Полный глубокой признательности за оказываемое ему покровительство, аббат Бурбон от всей души уважал Людовика XVI. Поэтому нет ничего странного, что он употреблял всевозможные усилия, чтобы во чтобы то ни стало приобрести последние воспоминания о своем покойном благодетеле. Между прочим, отец мой ясно сознавал, что во всяком случае эти вещи, оставшиеся от покойного короля, скорее должны принадлежать этому, хотя и незаконному сыну королевского чем ему — наследнику человека, которого революционные бури принудили запятнать свои руки в крови короля.

Поэтому он отдал аббату Бурбону и те башмаки, которые оставили последний след на земле под ногой короля, и ту застежку, которая находилась в последний раз на его шее до тех пор, пока роковая сталь не прекратила его дней. При этом отец мой отказался принять какое-либо вознаграждение за эти дорогие для него остатки; он ограничился только тем, что его — сына палача, крепко обнял безызвестный потомок королевского дома во Франции.

Глава II

Революционный трибунал

Если бросить взгляд на тот ряд убийств, облеченных в юридическую форму, которые совершились в следующие четыре месяца, то уже не чувство ужаса, а какое-то онемение овладевает человеком; впечатление, производимое этими событиями, напоминает давление кошмара. Даже не верится, что только какие-нибудь семьдесят лет отделяют нас от этой эпохи.
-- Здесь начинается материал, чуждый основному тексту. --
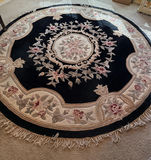 Round wool rug with central medallion and floral border - thumbnail 1 of 3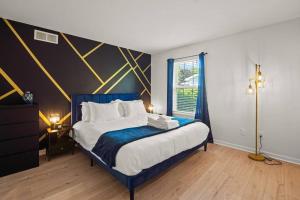 a bedroom with a bed with a blue and yellow wall at Delight: Bold & Bougie! Sleeps 12! Downtown Boyne in Boyne City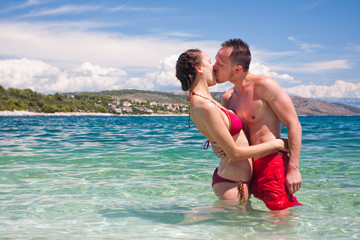Fototapeta na wymiar Handsome couple kissing in sea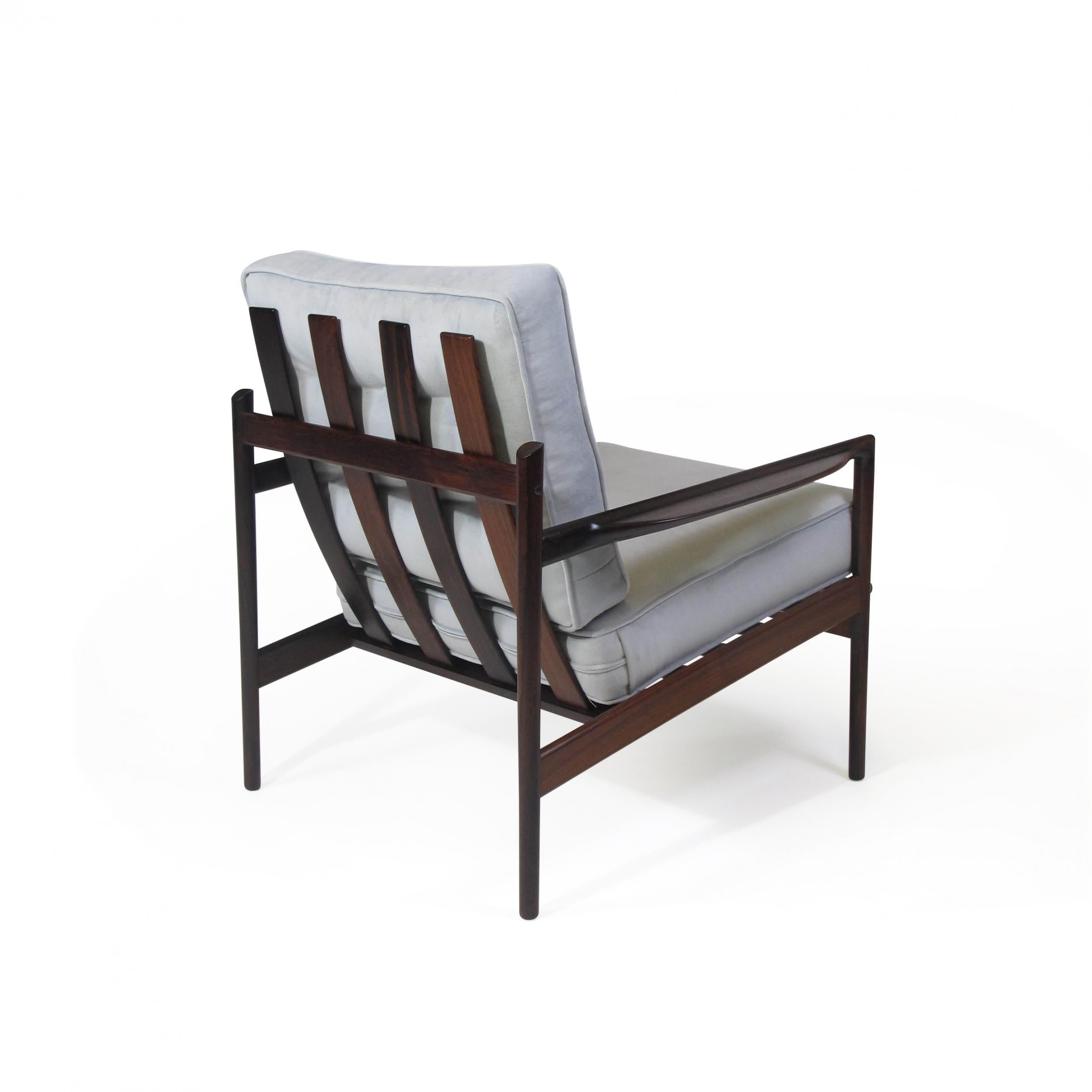 Pair of Mid Century Brazilian Rosewood lounge designed by IB Kofoed Larsen for Selig. Each lounge chair is crafted of solid Brazilian rosewood with rich dynamic-grain, sculpted armrests, slatted backrest, with loose cushions upholstered in a soft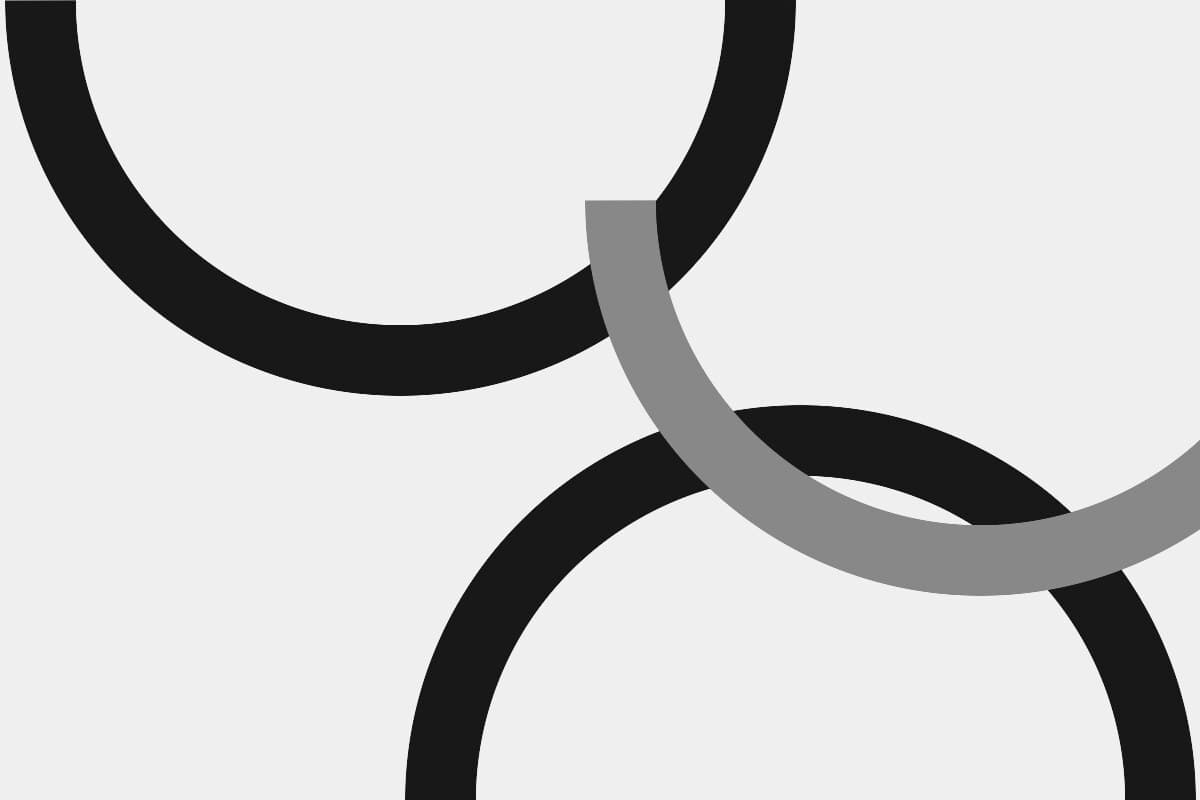 Abstract grayscale composition of three interlocking arcs.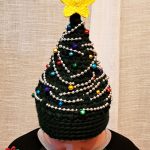 Crochet Christmas Tree Hat. Crafted in green with gold string beads, different colored accents and a bright yellow star on top || thecrochetspace.com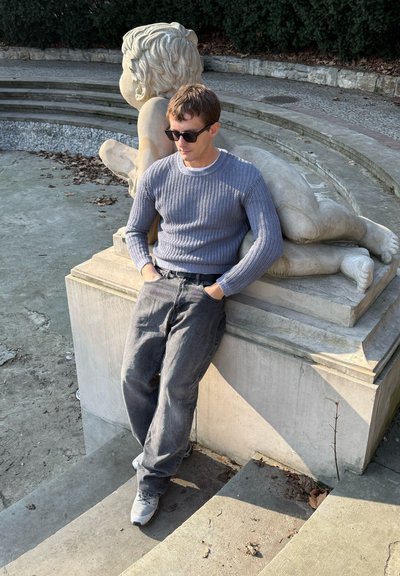 Suéter de punto gris con textura acanalada, combinado con jeans gris oscuro y zapatillas blancas. Sentado al lado de una escultura de piedra en un entorno de parque.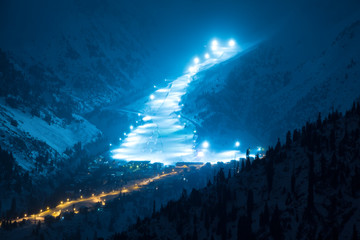 Night Road by mountain ski resort Chimbulak in Almaty, Kazakhstan 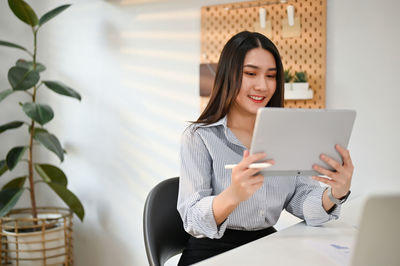 Portrait of young woman using laptop at home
Впрочем, необходимо согласиться, что в последние семьдесят лет совершенно изменились стремления и наклонности народных масс. В этом отношении мы от наших дедов ушли несравненно дальше, чем наши деды — от деятелей 24 августа 1572 года.

Пресловутая цивилизация XVII и XVIII веков ограничилась только верхними слоями общества, она скользнула только по поверхности, а между тем массы народа были также невежественны, также грубы и в то время, когда из среды этой массы являлись тысячи добровольных палачей для совершения ужасов Варфоломеевской ночи. Настроение духа и выражение лиц у зрителей, окружающих эшафот в минуты казни, мне кажется, могут служить прекрасным мерилом для определения степени развития народа. Во время исполнения своих служебных обязанностей мне раз приходилось вглядываться и изучать выражения лиц у тех любителей сильных ощущений, которые почти всегда теснились около нас во время казни. Чаще всего мне приходилось наблюдать выражение бессмысленного любопытства; нередко замечал я выражение ужаса и отвращения; но никогда мне не приходилось замечать той кровожадности, той буйной радости и того наслаждения видом казней, как это, судя по рассказам моего отца, так часто приходилось наблюдать ему среди масс, окружавших эшафот.

21 января было в одно время и грустным замечательным событием.

Как только раздался глухой звук гильотины, отсекавшей неповинную голову несчастного короля, прежний склад жизни и прежнее французское общество стало достоянием прошлого. Уже сквозь окровавленные перекладины гильотины можно было разглядеть, что на горизонте начинает показываться заря новой жизни.